Sulla base di questo nucleo argomentativo la Corte costituzionale ha decretato la compatibilità della norma di cui al D.Lgs. n. 286 del 1998, art. 10-bis con alcuni principi della Carta fondamentale, specificamente e principalmente con quelli desumibili dagli artt. 2 e 3.
Per quel che poi attiene alla compatibilità con la normativa sovranazionale, in particolare con la direttiva CE n. 115 del 2008, si è di recente registrato l’intervento risolutivo della Corte di giustizia con la decisione del 6 dicembre 2012 sulla domanda di pronuncia pregiudiziale proposta, ai sensi dell’art. 267 TFUE, dal Tribunale di Rovigo, nel procedimento penale a carico di xxx.
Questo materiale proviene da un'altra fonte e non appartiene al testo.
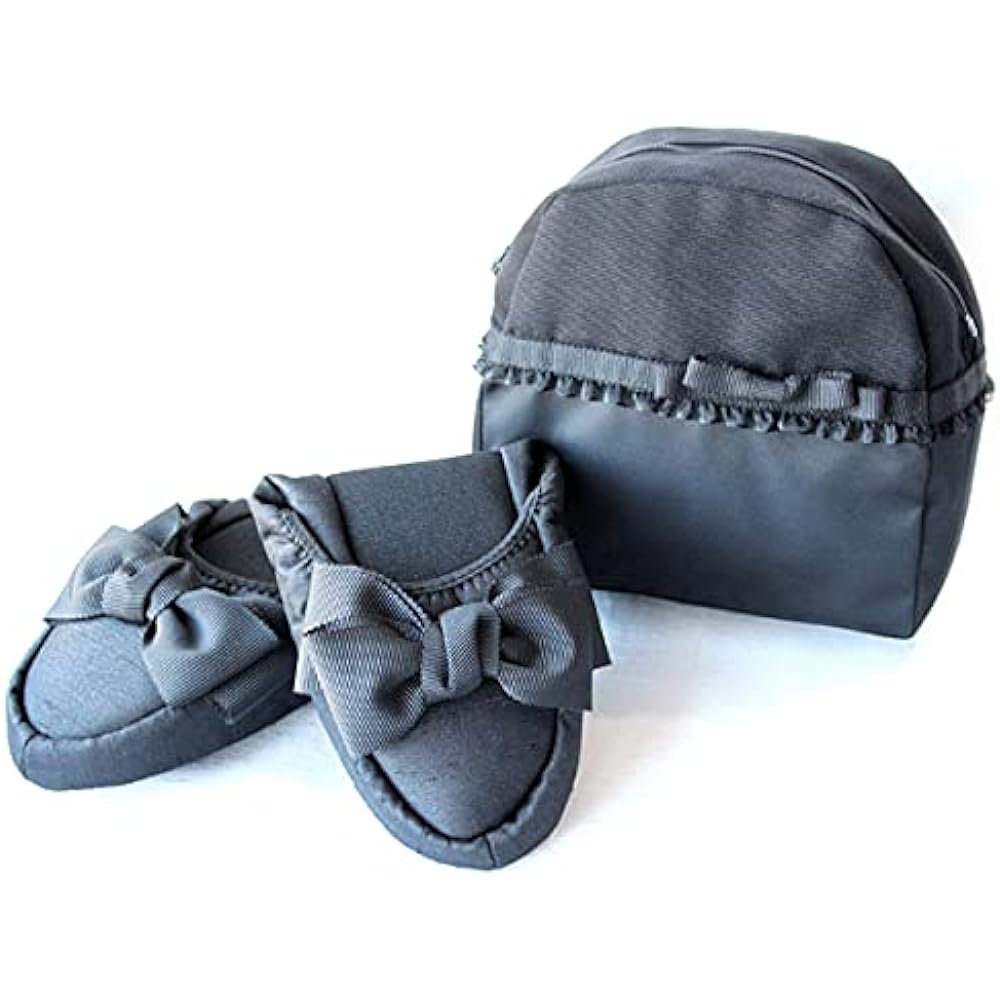 [Kirsch Blute] Kirsch Blute Shantung Folding Portable Slippers Elegant Kirsch Ribbon with Slipper Pouch KSO-ST08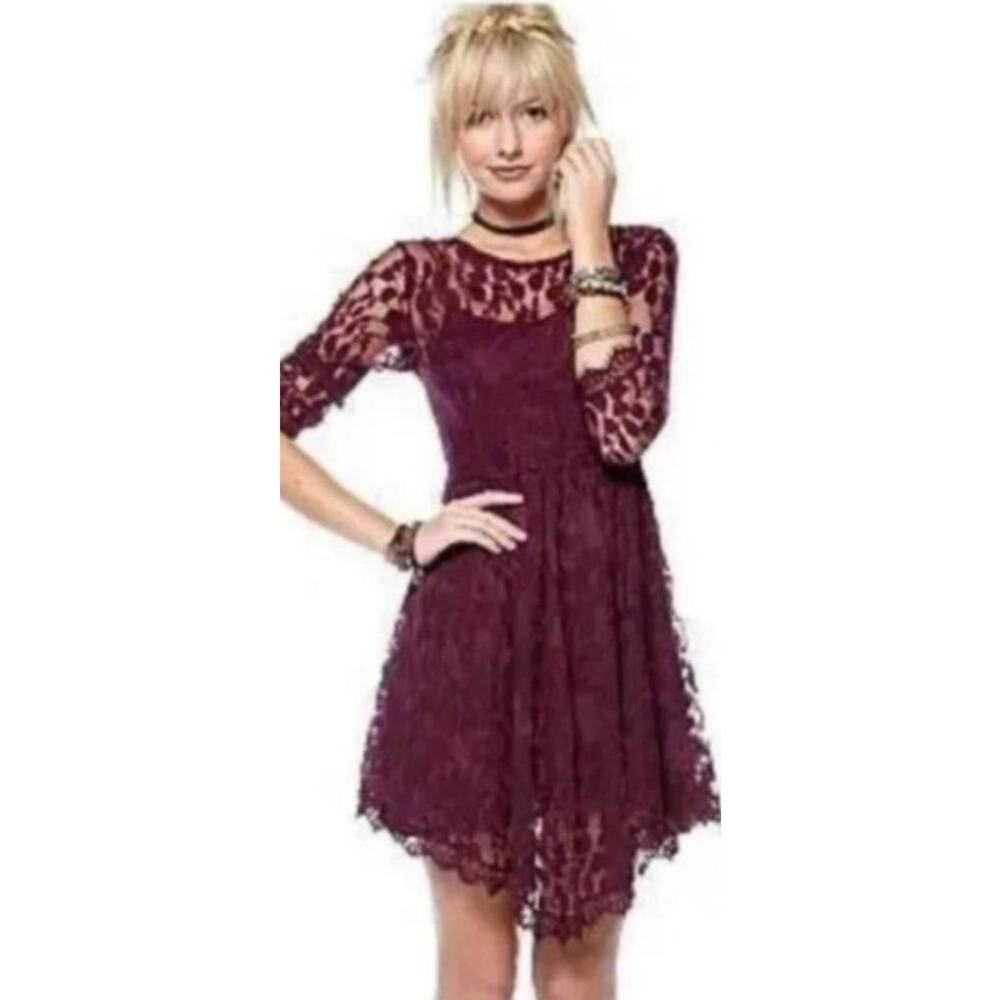 FREE PEOPLE Cocktail Lace Mini Dress/ size 6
Ed è appena il caso di ricordate che già questa Corte aveva statuito che "la fattispecie contravvenzionale prevista dal D.Lgs. n. 286 del 1998, art. 10-bis, che punisce l’ingresso e soggiorno illegale nel territorio dello Stato, non viola la c.d. direttiva Europea sui rimpatri (direttiva Commissione CEE 16 dicembre 2008, n. 115), non comportando alcun intralcio alla finalità primaria perseguita dalla direttiva predetta di agevolare ed assecondare l’uscita dal territorio nazionale degli stranieri extracomunitari privi di valido titolo di permanenza e non è in contrasto con l’art. 7, par. 1 della medesima, che, nel porre un termine compreso tra i 7 e 30 giorni per la partenza volontaria del cittadino di paese terzo, non per questo trasforma da irregolare a regolare la permanenza dello straniero nel territorio dello Stato" (Sez, 1, n. 951 del 22/11/2011, xxx, rv.
251671).
Nel caso di specie, quindi, il giudice di pace che ha inflitta sanzione pecuniaria, senza neppure disporre espulsione, ha applicato correttamente la normativa vigente, in relazione a condotta che è ancora prevista come reato.
Non può rilevare in questa sede quanto dedotto dal Procuratore generale ricorrente in ordine alla possibilità che venga disposta la conversione della pena pecuniaria con l’espulsione in sede di esecuzione, atteso che, all’evidenza, il giudice dell’esecuzione potrà operare la necessaria valutazione in ordine alla sussistenza nel caso di specie dei presupposti dell’espulsione, secondo le indicazioni della direttiva e la disciplina nazionale novellata.
Quanto all’ultimo rilievo, deve evidenziarsi che la disposizione di cui al comma 4, seconda parte, dell’art. 10-bis prevede che il questore comunica all’autorità giudiziaria competente per l’accertamento del reato la eventuale avvenuta esecuzione dell’espulsione o del respingimento; pertanto, il giudice non ha alcun onere di verificare l’eventuale espulsione o respingimento.
P.Q.M.
Rigetta il ricorso.
Così deciso in Roma, il 27 maggio 2013.